Connor Dykes, now seven years old, is a ball of energy. From the moment he wakes until his head gently rests on his pillow, he’s nonstop motion – laughing, singing, asking inquisitive questions, and alternately playing and fighting with his older sister Joselyn. In other words, he’s a lot like any other first-grader.
That Connor is alive at all is miraculous.
When he was six weeks old, Connor became restless and started throwing up and crying inconsolably. Nothing seemed to comfort him. Then within minutes the entire left side of his head and left eye became swollen.
Mindy immediately drove to the nearest hospital in Hudson, Wis. Along the way, his cry was becoming weaker; he was clammy, shaking, and pale. His conditions were severe enough to need the expertise of a larger hospital in Minneapolis, so Connor was transferred there by ambulance.
When the family arrived, Connor was sent to have a CT scan. When the doctor returned, Mindy immediately knew that something was horribly wrong. “She had that ashen look, and ER doctors don’t get that look very often.” She sat Mindy down and told her that Connor had a brain tumor the size of an adult fist. The mass took up his entire left hemisphere.
Big risk. Little choice.
A neurosurgeon informed the family that emergency surgery was necessary, but was extremely risky, and it was likely that their child would not survive. His vital organs were beginning to shut down. They had no choice—either proceed with the surgery, or lose their son for sure.

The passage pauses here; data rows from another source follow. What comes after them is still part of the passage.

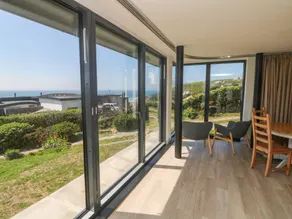 Family-friendly cottage with garden | Next to the beach - Image 5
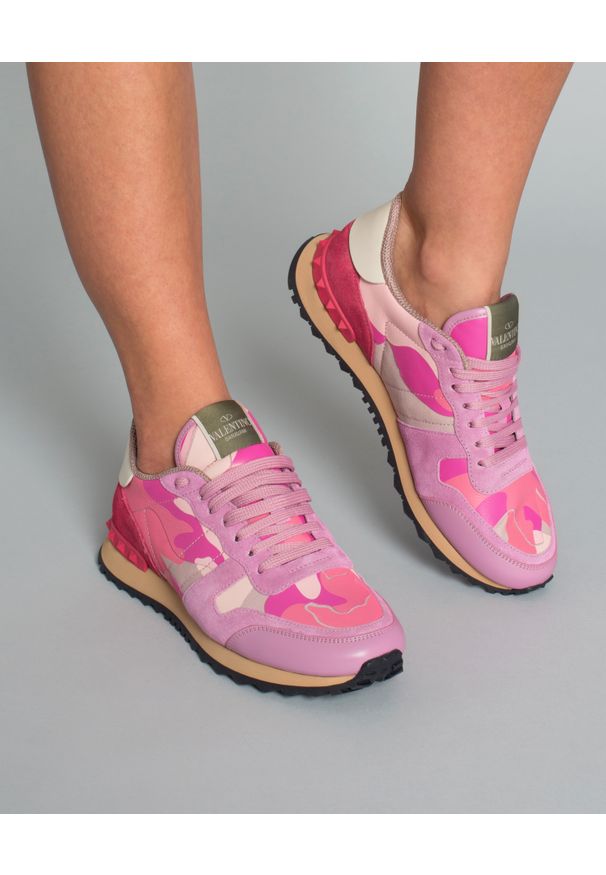 VALENTINO - Sneakersy Rockrunner. Kolor: biały. Materiał: zamsz, guma, materiał. Wzór: aplikacja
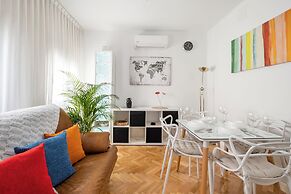 Madrid center room just 3 metro stops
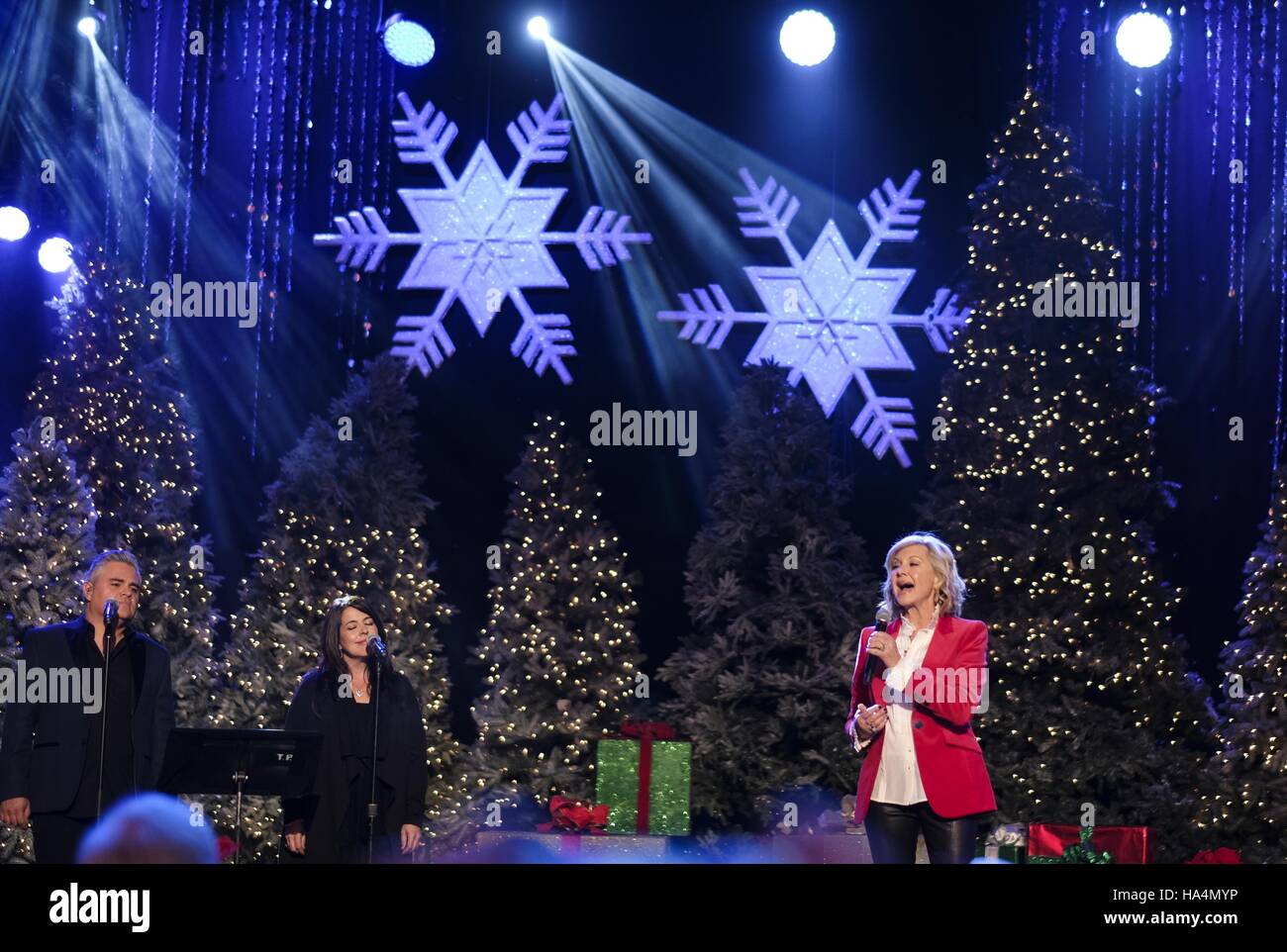 Los Angeles, California, USA. 27th Nov, 2016. Olivia Newton-John performs at the Pre-Parade All-Star Concert during the 85th Annual Hollywood Christmas Parade in Los Angeles on Sunday December 27, 2016. Credit:  Ringo Chiu/ZUMA Wire/Alamy Live News Stock Photo
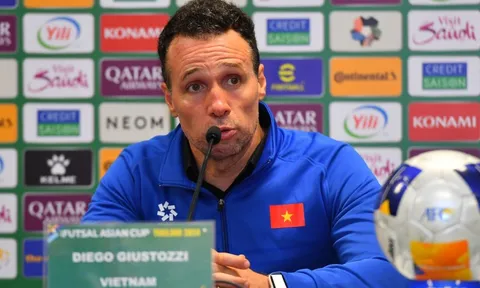 HLV Argentina bổ sung gấp "thần đồng 2005" lên tuyển Việt Nam, quyết săn vàng SEA Games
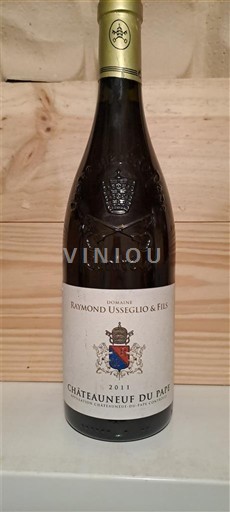 Rhône Valley Châteauneuf-du-Pape Domaine Raymond Usseglio & Fils 2011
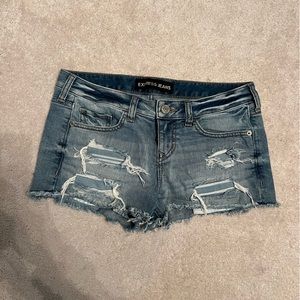 Express short distressed jeans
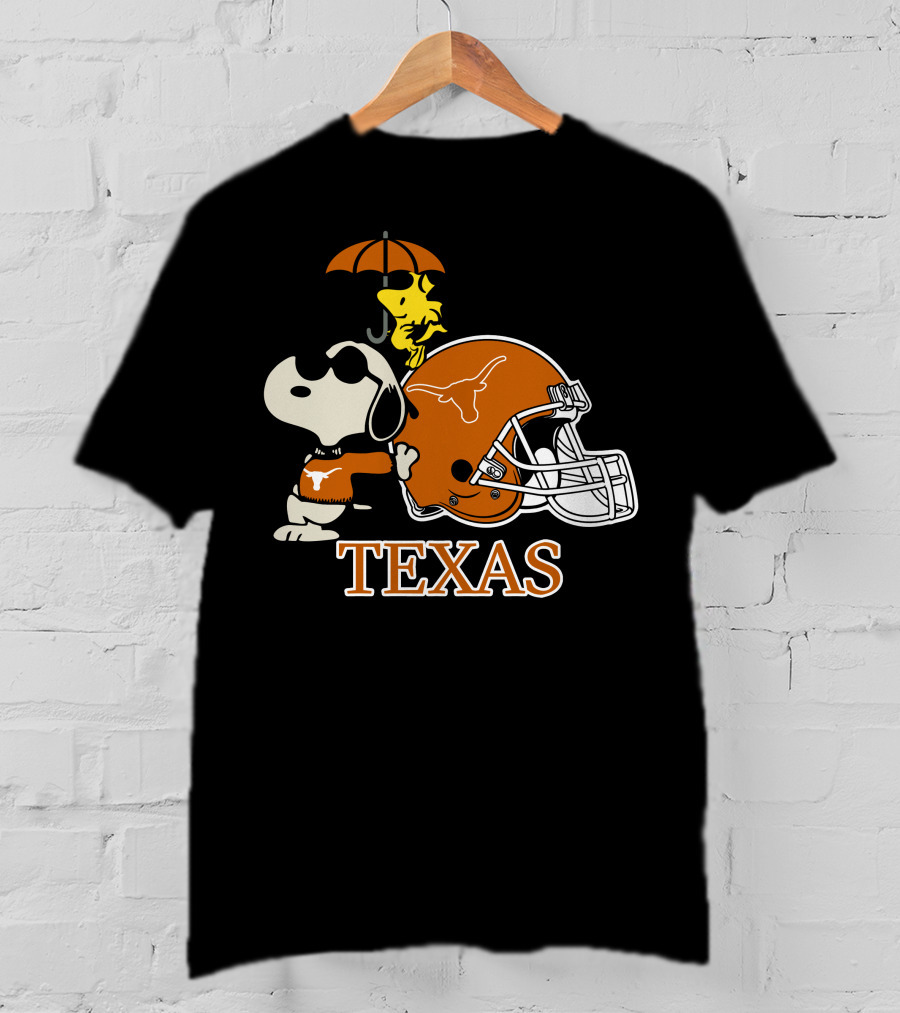 Texas Longhorns Snoopy Woodstock Football Helmet T-Shirt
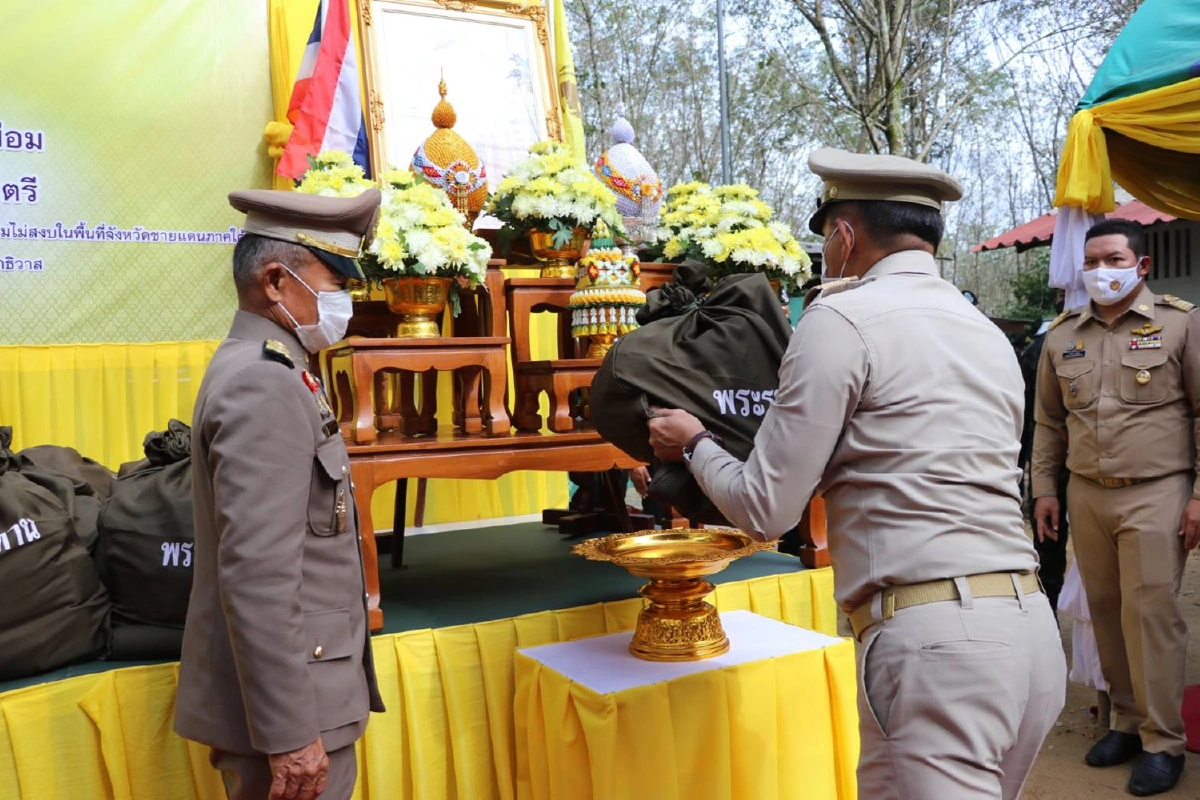 ในหลวงโปรดเกล้าฯองคมนตรีเยี่ยมให้กำลังใจผู้รับผลกระทบเหตุไม่สงบนราธิวาส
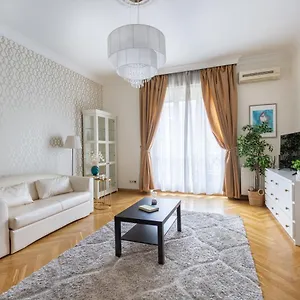  Apartment Gde Karoly Apartmant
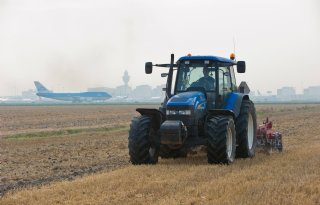 Felle reacties uit landbouw- en milieuhoek op vergunning Schiphol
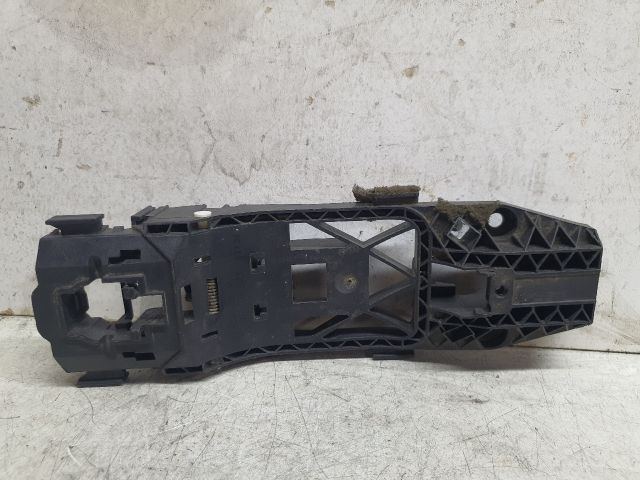 bontott VW TIGUAN Bal hátsó Külső Kilincsfészek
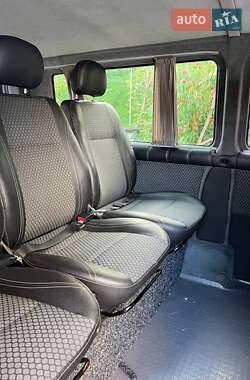Минивэн Volkswagen Transporter 2009 в 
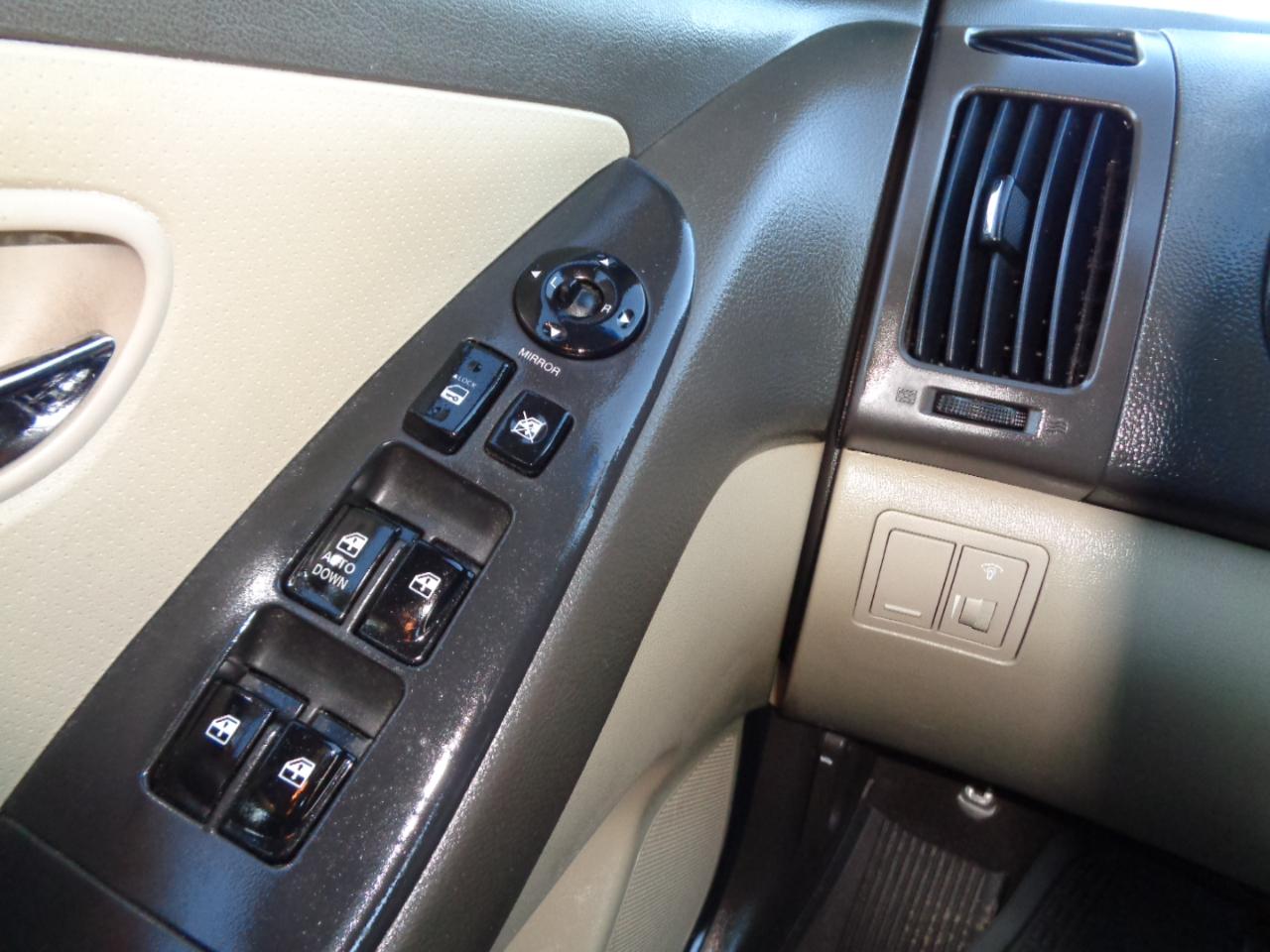 Hyundai Elantra  2010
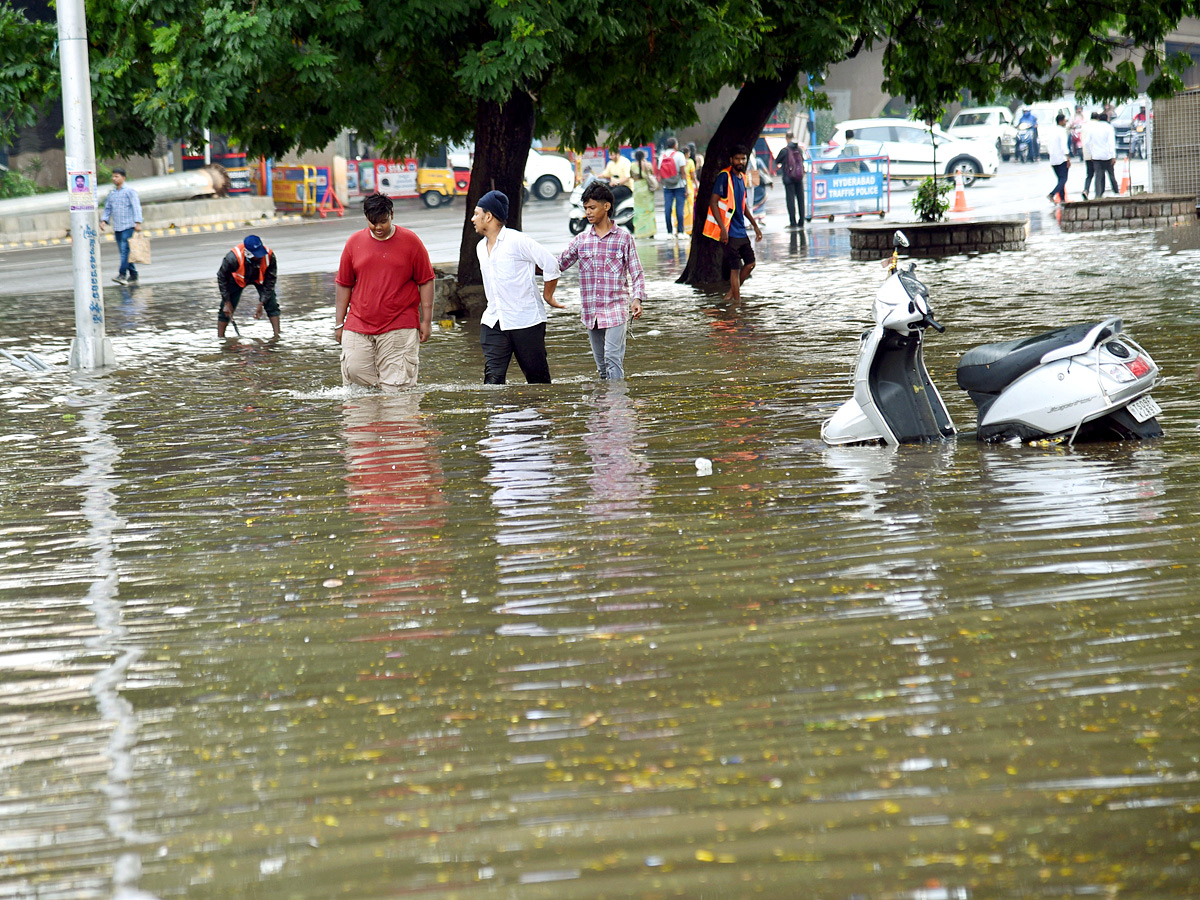 Heavy Rain Lashes Parts of Hyderabad City: Photos7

During the operation, Mindy sat in disbelief; David, in anger. The Dykes’ first son, Christopher Gabriel, had been stillborn, and David felt like he was living the nightmare over again. “I loved him, but I put these walls up, because I was going to have to plan this… putting another boy in the ground.”
Connor, however, had other ideas.
Four and a half hours later, the neurosurgeon came into the waiting room to tell the Dykes that he had successfully removed the tumor, and that Connor was stable. Within 10 minutes of David and Mindy entering the recovery room, Connor opened his eyes and looked at them. For David, this was nothing short of a miracle. “Something in me right then said, ‘He’s going to make it.’”
However, the Dykes’ fight was far from over. Three days later, Connor was diagnosed with a rare Stage IV Multiforme Congenital Glioblastoma. Their pediatrician, Dr. Christopher Moertel, clinical director at the Pediatric Brain Tumor Program, knew that the protocol for Connor’s treatment needed to be innovative; they were delving into uncharted territory, as most children with this type of tumor die in childbirth.
Connor went through five months of chemotherapy, and then he became the youngest person ever at University of Minnesota Children’s Hospital to receive an autologous bone marrow transplant.
“He’s just amazing.”
The bone marrow transplant was as success, as was the chemotherapy, and now Connor is considered cured. Mindy and David thank the strides in medical research for their son’s life. Mindy says, “Ten years ago, Connor wouldn’t be here. They wouldn’t have had the technology to do a CT scan 30 seconds after he entered the ER. Then there’s the big stuff, the bone marrow transplant, the right combination of chemotherapy drugs.”
The Dykes never hesitated to sign off on any research Connor’s doctors wanted to do. Part of his tumor is now in California; part of it is at Mayo. Like most parents in their situation, David and Mindy don’t want any other families to have to go through what they did.
Today, Connor has some developmental disabilities, but he is progressing daily. He wears hearing aids due to hearing loss from the aggressive chemotherapy, but this too is showing signs of improvement. Also, one of his optic nerves was severed because of the tumor, so he has partial blindness in his right eye and has to wear glasses. “His sister just says it makes him look like Harry Potter, so that’s okay,” says Mindy with a laugh. For the Dykes, these are very small prices to pay to have their son happy and healthy.
“If you saw his CT scan and what is left of his brain and what is missing, I don’t know how he does the things he does,:” says Mindy. “He’s is progressing so well and so fast. He’s just amazing!”